Regarding claim 4, Jung, Astarabadi, Lee, and Zavesky teach all the features with respect to claim 3 as outlined above. Further, Jung teaches that the personal data processing system according to claim 3, wherein the second device is configured to retrieve the descriptor from the storage and to provide at least one of the information or a part of the information of the descriptor or the obfuscated image to a user (See Jung: Fig. 20, and Col. 20 Lines 14-29, “FIG. 20 illustrates an alternative embodiment of the exemplary operational flow 1300 of FIG. 19. The ambiguation operation 1310 may include at least one additional operation. The at least one additional operation may include an operation 1312 and/or an operation 1314. The operation 1312 obscures a person, article, object, face, license plate, and/or label of a subject depicted in a received image in response to a privacy policy. The operation 1314 obscures a property of a subject depicted in a received digital and/or analog image in response to a privacy policy. The communication operation 1320 may include at least one additional operation, such as the operation 1322. The operation 1322 sends a signal indicative of the privacy policy and is receivable by at least one of a remotely located image capture device, a privacy policy indicator at a location physically distant from the device, and/or a local privacy policy indicator”).
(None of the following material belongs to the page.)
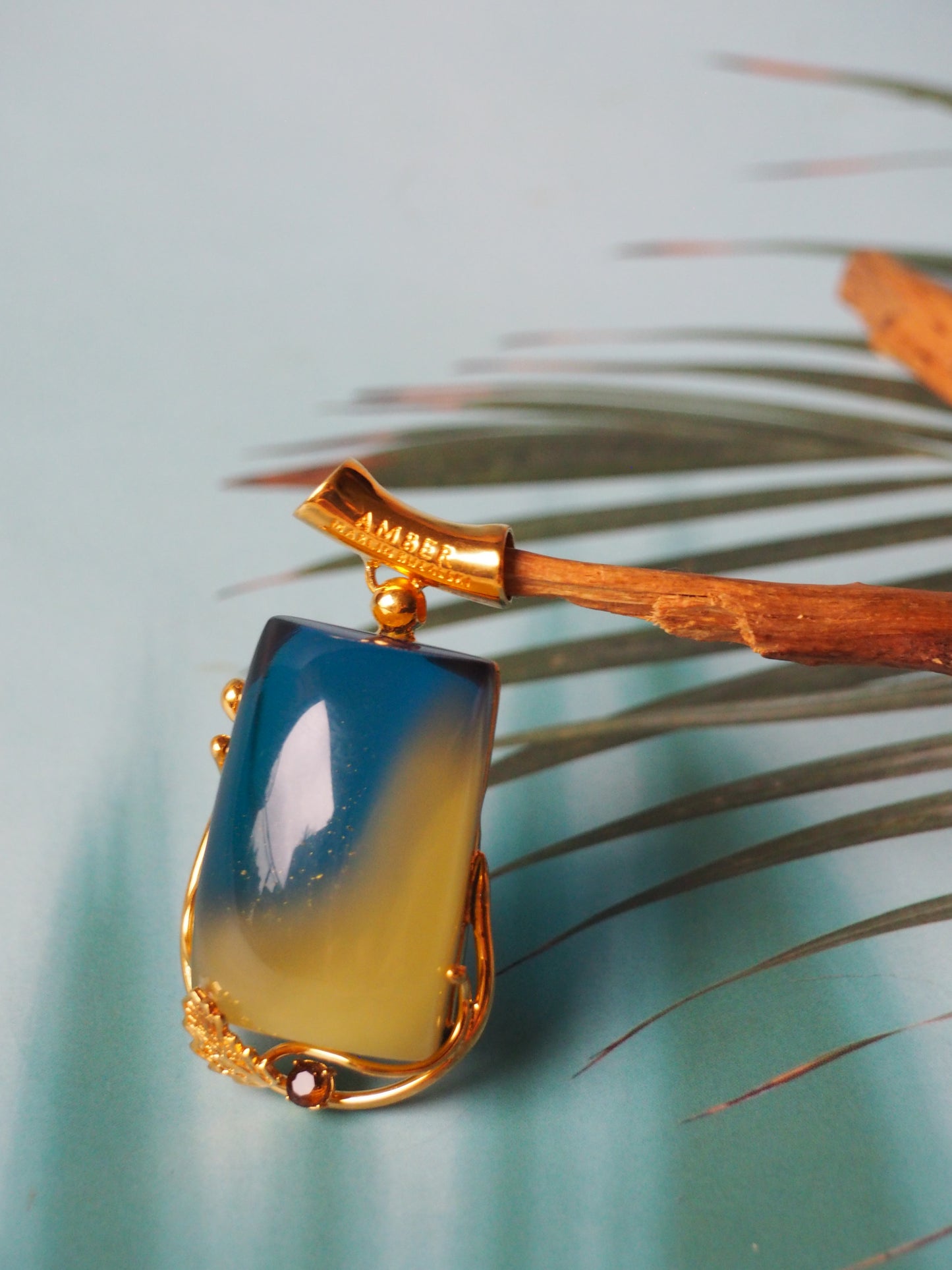 Big Unique Blue Amber Rectangle Pendant with Milk Inclusion in Gold Plated Silver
Regarding claim 5, Jung, Astarabadi, Lee, and Zavesky teach all the features with respect to claim 1 as outlined above. Further, Jung teaches that the personal data processing system of claim 1, wherein the second device is further configured to send the anonymized image to a third device configured to display the anonymized image to a user (See Jung: Figs. 3-5, and Col. 14 Lines 58-67 ~ Col. 15 Lines 1-18, “FIG. 5 illustrates an image 401 of the exemplary embodiment of an environment 400 of FIG. 4 with a decreased fidelity of a property of a subject. In an embodiment, the decreased fidelity may be implemented and/or practiced using systems, devices, apparatus, and/or methods disclosed herein. For example, the system 300 described in conjunction with FIG. 3 may be used to implement and/or practice the decreased fidelity of a property of a subject depicted in an image 405. For example, FIG. 5 illustrates an embodiment where the display 440B of the image capture device 420 indicating a "Green" color-based visual indication of the anonymization policy, corresponding to decreasing a fidelity of facial properties and license plate properties depicted in acquired images to be indistinguishable. The decreased fidelity of the illustrated embodiment includes a decreased fidelity of facial properties of human subjects 408A, 408B, and 408C implemented by obscuring portions of their faces and/or heads. The faces and/or heads of human subjects may be located in the image using techniques known to those skilled in the art, including artificial intelligence, and/or facial recognition techniques. FIG. 5 also illustrates a decreased fidelity of the identification number "XYZ 123" property of a license plate of a car subject 406 in the image that was implemented by an obscuring portion over the license identification number. In an embodiment, the image 401 may be used to study human and/or vehicle traffic patterns in the area 403 while preserving the anonymity of human subjects and/or registered owners of vehicles”. Note that the obscured image 405 with identifiable information blacked out is output and displayed to the user).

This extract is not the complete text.